Hybrid Models Combining Machine Learning and Physical Knowledge

Maximum exploitation of the electricity grid requires robust models of physical units
To maximally exploit existing infrastructure, Statnett are developing models to monitor and predict the temperature of their power transformers. For the models to be useful, it must be robust, easy to transfer across many units, and ideally provide uncertainty estimates. A hybrid model combining a simple physical description with neural networks can ensure physical behaviour of the resulting models, while the flexibility enables easy adaptation for individual units. Topics to explore:
- Use of neural ODEs and pseudo-Hamiltonian methods.
- Quantification of minimal data requirements and possibility of continuous training.
- Uncertainty propagation through the model. This has not been sufficiently investigated for hybrid models.
- Transfer of methods to other types of equipment, e.g. underwater cables.
Available data: Statnett has data from several power transformers and some initial modelling show promise, but more work is needed.

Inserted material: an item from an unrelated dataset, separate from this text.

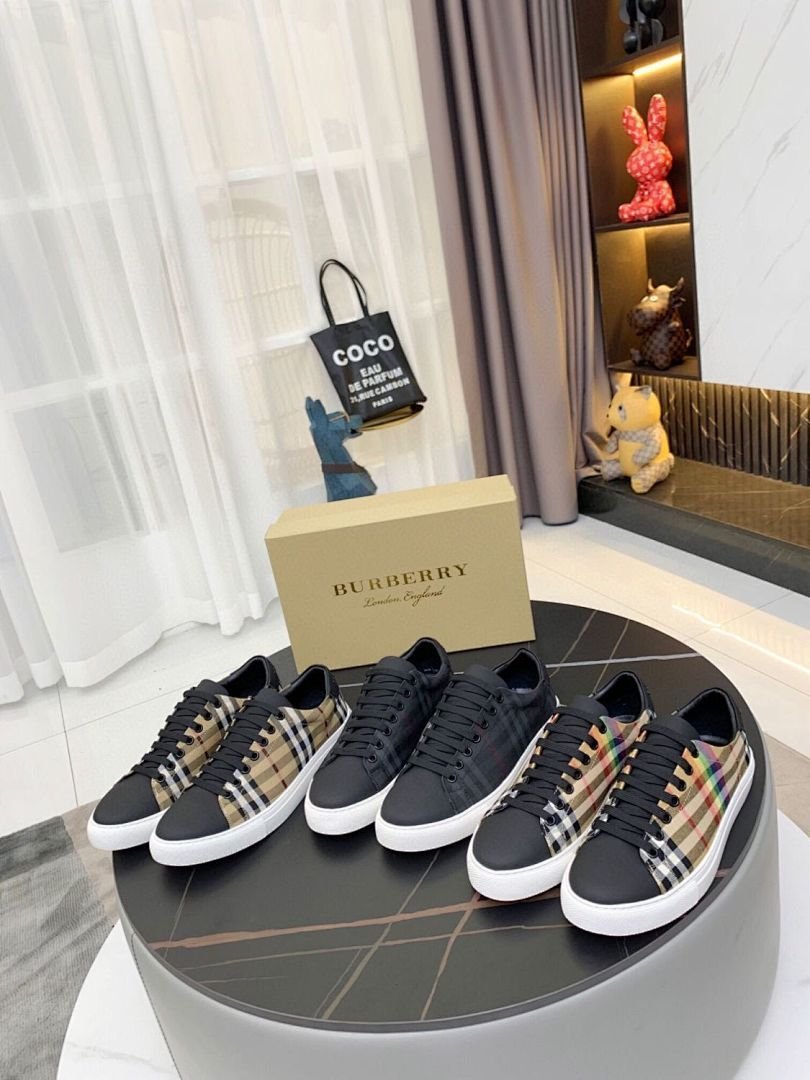 Burberry - Check Canvas Sneakers in 7 Colors - Image 15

Hybrid Modelling and Uncertainty Quantification
In the energy sector, wind turbines, compressors or other production facilities are typically numerically simulated. While those simulations are precise, they are too computationally expensive to use for inference about unknown parameters. The idea is to use machine learning as a surrogate model and explore the uncertainty of the trained model, both on simulated and real data.
A project example could be to measure relations between uncertainty and distance between data. The first task will be to systematically investigate the model performance of a model on different data as a function of difference between the data sets (K-S test), sample sizes and noise. Next step is to explore how the model transfers when including domain knowledge (hybrid AI). The end goal of the project is to use an AI model to mimic the simulation and transfer the model to real data. Both performance and uncertainty aspects can be explored. The project may be based on the same data/model as the project above (Statnett power transformers).
Adaptive physical models and simulations are the backbone of digital twins
Industry is heavily relying on numerical simulations of physical systems to predict future conditions and potential failures of complex systems. However, these simulations are initalised based on ideal conditions, which may not be true under realistic usage. Hence, the initialisations must be frequently updated for the simulations to match observed data. Simulation-based inference is an established way to effectively learn the likelihood distribution of simulation parameters given data. However, the framework is far from plug-and-play due to e.g. hyper parameters and appropriate formulation of summary statistics. The student will demonstrate the framework in a process-industrial setting using the simulator framework DWSim.
Required skills: Strong familiarity with Bayesian statistics, neural networks, pytorch, basic understanding of PDE/ODEs.
These projects can be adapted to students from several departments such as Computer Science, Mathematical Sciences or Engineering Cybernetics. The student will need a supervisor associated with the university, but SINTEF can provide most of the practical supervision.
Student requirements: Solid knowledge of neural networks and implementation, basic knowledge of ODE/PDEs as descriptions for physical systems, basic to solid knowledge of statistics.